Agile For Gamedev - A Poor Fit

The release of Cyberpunk 2077 in a poor state last year led to a lot of debate on how game development projects should be managed. Staff were overworked, deadlines were missed, features were cut, and the game came out with serious bugs. Despite throwing more money and time at the problem, and cutting the scope, quality was still low. Calling the launch a failure would not be strictly true - the game has sold many millions of copies and apparently covered its costs - but everyone knows the industry needs to do better than this.

The classic trade-off - quality is constrained by scope, cost, and time

Anyone who's followed game development for a while will know there's nothing new here. 'Crunch time' has been a staple of game development for as long as the industry has had major projects, and was already common knowledge when the famous 'EA Spouse' blog entry was posted 17 years ago. Despite faster computers, better tools, more powerful languages, and growing experience, things don't seem to have improved much in game development.

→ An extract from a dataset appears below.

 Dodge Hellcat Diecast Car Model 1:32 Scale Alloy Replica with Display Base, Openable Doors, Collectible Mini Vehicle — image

And yet in the rest of the software development world, things have changed a lot. Perhaps the biggest change in development practices has been the move towards agile development. Agile means many things to many people but the core principles are basically that you involve the customer and/or the user more, in a collaborative and iterative process that discovers requirements as you go and responds to change. It is supposed to lead to a more manageable project.

One commentator claimed that Cyberpunk failed primarily because they did not follow agile project management processes, and particularly did not practice the specific act of 'Continuous Delivery', where the software is being 'delivered' on a regular basis (e.g. daily) to be assessed. It's reasonable to say that "bad software engineering" played a part in the problem. However, the claims that this is a failure to adhere to agile principles don't add up. The developers CD Projekt Red - like most major game developers and quite a lot of smaller ones - do in fact employ people to perform continuous delivery and 'devops thinking'. It just didn't really make a difference.

I mentioned in my introduction post that I think iterative, 'agile' development can actually cause problems for game development projects, despite being the overwhelmingly dominant paradigm. Why?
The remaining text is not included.